Exercise: The records are to be copied exactly and in full.

[Data excerpts]

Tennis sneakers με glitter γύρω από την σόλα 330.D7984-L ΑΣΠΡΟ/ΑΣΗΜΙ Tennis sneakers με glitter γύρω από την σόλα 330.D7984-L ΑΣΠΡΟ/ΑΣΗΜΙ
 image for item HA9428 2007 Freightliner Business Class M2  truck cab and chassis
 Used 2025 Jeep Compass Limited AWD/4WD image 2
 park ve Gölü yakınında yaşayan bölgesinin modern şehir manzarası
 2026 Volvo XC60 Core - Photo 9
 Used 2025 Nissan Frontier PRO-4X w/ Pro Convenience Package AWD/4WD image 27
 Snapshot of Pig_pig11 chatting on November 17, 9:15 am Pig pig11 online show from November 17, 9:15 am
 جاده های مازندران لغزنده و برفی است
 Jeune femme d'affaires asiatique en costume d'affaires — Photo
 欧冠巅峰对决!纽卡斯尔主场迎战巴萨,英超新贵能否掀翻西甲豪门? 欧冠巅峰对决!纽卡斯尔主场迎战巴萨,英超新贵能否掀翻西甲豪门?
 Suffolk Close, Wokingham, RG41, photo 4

Problem solution:
Tennis sneakers με glitter γύρω από την σόλα 330.D7984-L ΑΣΠΡΟ/ΑΣΗΜΙ Tennis sneakers με glitter γύρω από την σόλα 330.D7984-L ΑΣΠΡΟ/ΑΣΗΜΙ
 image for item HA9428 2007 Freightliner Business Class M2  truck cab and chassis
 Used 2025 Jeep Compass Limited AWD/4WD image 2
 park ve Gölü yakınında yaşayan bölgesinin modern şehir manzarası
 2026 Volvo XC60 Core - Photo 9
 Used 2025 Nissan Frontier PRO-4X w/ Pro Convenience Package AWD/4WD image 27
 Snapshot of Pig_pig11 chatting on November 17, 9:15 am Pig pig11 online show from November 17, 9:15 am
 جاده های مازندران لغزنده و برفی است
 Jeune femme d'affaires asiatique en costume d'affaires — Photo
 欧冠巅峰对决!纽卡斯尔主场迎战巴萨,英超新贵能否掀翻西甲豪门? 欧冠巅峰对决!纽卡斯尔主场迎战巴萨,英超新贵能否掀翻西甲豪门?
 Suffolk Close, Wokingham, RG41, photo 4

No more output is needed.